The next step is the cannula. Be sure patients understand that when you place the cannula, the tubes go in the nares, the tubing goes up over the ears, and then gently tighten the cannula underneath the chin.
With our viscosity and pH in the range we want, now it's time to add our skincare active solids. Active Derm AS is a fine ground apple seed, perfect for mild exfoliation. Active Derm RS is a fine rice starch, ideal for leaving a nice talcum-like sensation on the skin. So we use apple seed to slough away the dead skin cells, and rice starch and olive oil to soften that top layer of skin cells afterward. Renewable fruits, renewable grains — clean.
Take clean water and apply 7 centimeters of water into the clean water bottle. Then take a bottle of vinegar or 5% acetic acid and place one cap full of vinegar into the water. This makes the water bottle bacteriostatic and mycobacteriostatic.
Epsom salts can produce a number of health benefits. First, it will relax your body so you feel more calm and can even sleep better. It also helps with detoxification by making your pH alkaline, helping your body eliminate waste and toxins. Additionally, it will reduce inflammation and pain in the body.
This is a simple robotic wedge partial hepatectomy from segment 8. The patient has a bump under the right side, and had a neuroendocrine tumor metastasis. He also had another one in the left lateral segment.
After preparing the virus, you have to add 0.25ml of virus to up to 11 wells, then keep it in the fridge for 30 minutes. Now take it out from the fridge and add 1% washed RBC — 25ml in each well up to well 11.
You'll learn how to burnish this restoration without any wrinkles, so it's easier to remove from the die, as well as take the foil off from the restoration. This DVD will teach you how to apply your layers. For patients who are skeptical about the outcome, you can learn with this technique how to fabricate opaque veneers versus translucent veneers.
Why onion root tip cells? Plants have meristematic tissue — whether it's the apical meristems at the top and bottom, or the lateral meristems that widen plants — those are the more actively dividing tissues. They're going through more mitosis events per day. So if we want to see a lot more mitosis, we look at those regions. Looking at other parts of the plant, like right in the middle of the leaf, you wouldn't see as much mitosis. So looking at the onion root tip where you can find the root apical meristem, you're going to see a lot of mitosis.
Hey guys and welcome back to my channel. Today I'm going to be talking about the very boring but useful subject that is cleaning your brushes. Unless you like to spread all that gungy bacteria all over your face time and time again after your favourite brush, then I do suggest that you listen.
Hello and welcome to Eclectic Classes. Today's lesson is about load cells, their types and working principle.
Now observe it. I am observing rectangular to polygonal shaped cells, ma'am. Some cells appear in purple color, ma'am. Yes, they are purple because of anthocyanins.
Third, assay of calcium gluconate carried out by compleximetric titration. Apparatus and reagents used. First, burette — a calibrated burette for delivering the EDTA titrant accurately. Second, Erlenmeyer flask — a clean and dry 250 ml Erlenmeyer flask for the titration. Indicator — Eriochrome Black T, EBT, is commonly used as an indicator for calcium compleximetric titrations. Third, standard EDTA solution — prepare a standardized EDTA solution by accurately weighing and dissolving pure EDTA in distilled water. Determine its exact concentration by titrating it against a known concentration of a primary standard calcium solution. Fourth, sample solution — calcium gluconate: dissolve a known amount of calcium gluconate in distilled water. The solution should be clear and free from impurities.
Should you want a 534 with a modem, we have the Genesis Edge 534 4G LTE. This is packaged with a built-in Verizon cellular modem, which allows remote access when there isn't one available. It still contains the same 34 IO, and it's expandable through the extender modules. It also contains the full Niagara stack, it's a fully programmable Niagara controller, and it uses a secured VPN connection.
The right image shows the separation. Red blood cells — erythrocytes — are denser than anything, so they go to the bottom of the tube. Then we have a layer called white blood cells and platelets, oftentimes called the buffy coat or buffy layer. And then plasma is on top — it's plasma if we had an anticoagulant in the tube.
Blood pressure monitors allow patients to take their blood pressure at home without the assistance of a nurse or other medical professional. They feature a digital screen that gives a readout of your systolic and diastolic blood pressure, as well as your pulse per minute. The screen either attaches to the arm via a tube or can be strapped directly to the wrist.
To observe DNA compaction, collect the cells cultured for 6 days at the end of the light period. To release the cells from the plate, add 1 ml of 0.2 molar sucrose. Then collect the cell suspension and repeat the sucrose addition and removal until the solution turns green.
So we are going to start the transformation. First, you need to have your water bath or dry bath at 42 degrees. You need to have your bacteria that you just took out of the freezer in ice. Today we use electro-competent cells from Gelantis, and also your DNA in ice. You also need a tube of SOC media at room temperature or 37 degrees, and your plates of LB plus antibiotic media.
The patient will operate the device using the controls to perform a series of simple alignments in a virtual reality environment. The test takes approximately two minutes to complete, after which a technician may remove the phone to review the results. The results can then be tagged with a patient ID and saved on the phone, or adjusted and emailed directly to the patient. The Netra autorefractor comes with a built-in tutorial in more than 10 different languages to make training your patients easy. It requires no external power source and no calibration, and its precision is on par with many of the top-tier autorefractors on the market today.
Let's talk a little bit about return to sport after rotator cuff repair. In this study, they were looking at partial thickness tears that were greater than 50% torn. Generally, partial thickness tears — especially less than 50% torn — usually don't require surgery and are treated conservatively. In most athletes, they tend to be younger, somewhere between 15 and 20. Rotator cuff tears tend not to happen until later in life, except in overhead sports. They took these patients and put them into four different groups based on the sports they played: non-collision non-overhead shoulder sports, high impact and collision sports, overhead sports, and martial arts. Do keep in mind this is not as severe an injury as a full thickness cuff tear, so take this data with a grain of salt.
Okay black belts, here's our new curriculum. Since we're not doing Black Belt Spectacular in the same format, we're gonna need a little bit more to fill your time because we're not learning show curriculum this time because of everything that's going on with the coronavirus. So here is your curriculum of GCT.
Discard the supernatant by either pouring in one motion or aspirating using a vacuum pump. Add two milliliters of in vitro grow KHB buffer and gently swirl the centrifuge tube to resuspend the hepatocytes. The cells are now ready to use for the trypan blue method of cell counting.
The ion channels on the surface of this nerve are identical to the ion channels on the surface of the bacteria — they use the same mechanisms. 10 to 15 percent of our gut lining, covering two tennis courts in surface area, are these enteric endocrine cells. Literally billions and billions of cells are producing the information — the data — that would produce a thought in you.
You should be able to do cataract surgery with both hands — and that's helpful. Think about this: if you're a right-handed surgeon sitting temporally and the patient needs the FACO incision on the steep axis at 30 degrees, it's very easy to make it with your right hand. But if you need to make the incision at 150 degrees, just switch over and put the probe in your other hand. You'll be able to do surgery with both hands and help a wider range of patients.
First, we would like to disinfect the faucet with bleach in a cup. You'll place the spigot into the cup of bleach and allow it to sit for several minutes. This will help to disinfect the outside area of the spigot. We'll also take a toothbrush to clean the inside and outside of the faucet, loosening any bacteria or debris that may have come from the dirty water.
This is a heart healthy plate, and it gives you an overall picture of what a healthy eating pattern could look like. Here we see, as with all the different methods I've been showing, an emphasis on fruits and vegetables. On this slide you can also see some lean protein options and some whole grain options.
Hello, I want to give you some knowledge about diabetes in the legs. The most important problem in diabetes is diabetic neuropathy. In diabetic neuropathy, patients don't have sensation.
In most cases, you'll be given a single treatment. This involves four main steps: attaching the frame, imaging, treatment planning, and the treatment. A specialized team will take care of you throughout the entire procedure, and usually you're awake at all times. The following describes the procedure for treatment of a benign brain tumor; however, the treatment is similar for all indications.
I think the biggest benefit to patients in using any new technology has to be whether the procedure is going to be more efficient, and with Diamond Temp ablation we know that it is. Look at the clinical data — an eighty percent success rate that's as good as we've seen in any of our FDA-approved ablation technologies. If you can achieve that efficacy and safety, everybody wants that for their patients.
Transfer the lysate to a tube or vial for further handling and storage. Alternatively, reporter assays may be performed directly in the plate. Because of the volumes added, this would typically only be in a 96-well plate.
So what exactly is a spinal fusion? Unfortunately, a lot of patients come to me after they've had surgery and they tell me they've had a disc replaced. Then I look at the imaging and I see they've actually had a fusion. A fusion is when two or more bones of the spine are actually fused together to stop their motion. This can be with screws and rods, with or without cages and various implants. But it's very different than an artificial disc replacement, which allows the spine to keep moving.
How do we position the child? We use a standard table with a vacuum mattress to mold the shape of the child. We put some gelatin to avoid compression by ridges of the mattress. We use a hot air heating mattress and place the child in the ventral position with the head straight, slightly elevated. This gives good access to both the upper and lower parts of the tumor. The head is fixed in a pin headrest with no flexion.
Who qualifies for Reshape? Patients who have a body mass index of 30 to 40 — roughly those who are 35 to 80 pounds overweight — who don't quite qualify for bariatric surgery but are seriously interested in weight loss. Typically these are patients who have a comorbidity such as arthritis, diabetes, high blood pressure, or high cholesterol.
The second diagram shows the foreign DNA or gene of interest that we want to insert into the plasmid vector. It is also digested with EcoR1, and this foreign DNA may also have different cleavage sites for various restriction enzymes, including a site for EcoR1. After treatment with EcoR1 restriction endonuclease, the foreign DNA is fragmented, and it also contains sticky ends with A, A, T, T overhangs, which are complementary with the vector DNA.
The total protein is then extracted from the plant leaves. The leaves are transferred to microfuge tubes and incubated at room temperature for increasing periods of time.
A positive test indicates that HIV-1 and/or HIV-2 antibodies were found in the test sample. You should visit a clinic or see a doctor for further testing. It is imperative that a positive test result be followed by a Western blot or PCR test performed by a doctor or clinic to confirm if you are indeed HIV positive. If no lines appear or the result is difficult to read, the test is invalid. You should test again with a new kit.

################

**THE PROBLEM**. Answer only with how many lines in the records include "Hello".

**SOLVED EXERCISE**. 2